_Assignment_
Working from the line that contains "Churchill England Pink" down to the last line below, repeat each line exactly.

(Caption-style text data)
☆ ☆ ☆ ☆ ☆
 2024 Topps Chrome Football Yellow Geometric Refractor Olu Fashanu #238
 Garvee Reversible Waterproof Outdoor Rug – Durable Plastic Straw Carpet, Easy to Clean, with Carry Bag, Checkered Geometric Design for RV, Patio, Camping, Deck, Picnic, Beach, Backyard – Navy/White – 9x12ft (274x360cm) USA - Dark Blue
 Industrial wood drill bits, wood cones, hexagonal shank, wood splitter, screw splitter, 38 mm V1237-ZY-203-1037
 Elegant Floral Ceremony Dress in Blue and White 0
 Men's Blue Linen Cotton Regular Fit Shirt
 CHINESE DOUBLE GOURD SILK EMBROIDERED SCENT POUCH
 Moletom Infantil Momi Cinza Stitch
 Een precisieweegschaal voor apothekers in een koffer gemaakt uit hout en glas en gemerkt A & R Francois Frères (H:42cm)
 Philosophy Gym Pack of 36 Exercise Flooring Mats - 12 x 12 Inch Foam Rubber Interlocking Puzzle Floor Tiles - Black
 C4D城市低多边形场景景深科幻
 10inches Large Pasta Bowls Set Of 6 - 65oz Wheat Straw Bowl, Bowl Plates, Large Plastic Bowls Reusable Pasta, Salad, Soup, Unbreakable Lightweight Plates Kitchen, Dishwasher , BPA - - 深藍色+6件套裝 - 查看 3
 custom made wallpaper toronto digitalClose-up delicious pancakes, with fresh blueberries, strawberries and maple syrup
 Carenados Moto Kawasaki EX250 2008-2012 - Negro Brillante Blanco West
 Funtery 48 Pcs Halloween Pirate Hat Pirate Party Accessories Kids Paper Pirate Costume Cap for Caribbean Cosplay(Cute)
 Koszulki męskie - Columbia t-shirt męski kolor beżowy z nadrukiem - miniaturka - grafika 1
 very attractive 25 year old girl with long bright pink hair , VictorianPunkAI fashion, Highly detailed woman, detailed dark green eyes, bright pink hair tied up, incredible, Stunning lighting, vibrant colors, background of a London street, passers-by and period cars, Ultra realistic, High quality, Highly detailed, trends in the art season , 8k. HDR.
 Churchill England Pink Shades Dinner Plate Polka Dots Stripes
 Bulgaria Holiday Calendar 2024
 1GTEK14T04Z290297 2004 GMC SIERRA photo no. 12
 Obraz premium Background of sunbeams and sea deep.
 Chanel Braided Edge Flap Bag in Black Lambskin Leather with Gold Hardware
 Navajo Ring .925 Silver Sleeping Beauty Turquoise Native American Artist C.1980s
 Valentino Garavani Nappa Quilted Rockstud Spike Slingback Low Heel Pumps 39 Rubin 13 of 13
☆ ☆ ☆ ☆ ☆
_Exercise response_
 Churchill England Pink Shades Dinner Plate Polka Dots Stripes
 Bulgaria Holiday Calendar 2024
 1GTEK14T04Z290297 2004 GMC SIERRA photo no. 12
 Obraz premium Background of sunbeams and sea deep.
 Chanel Braided Edge Flap Bag in Black Lambskin Leather with Gold Hardware
 Navajo Ring .925 Silver Sleeping Beauty Turquoise Native American Artist C.1980s
 Valentino Garavani Nappa Quilted Rockstud Spike Slingback Low Heel Pumps 39 Rubin 13 of 13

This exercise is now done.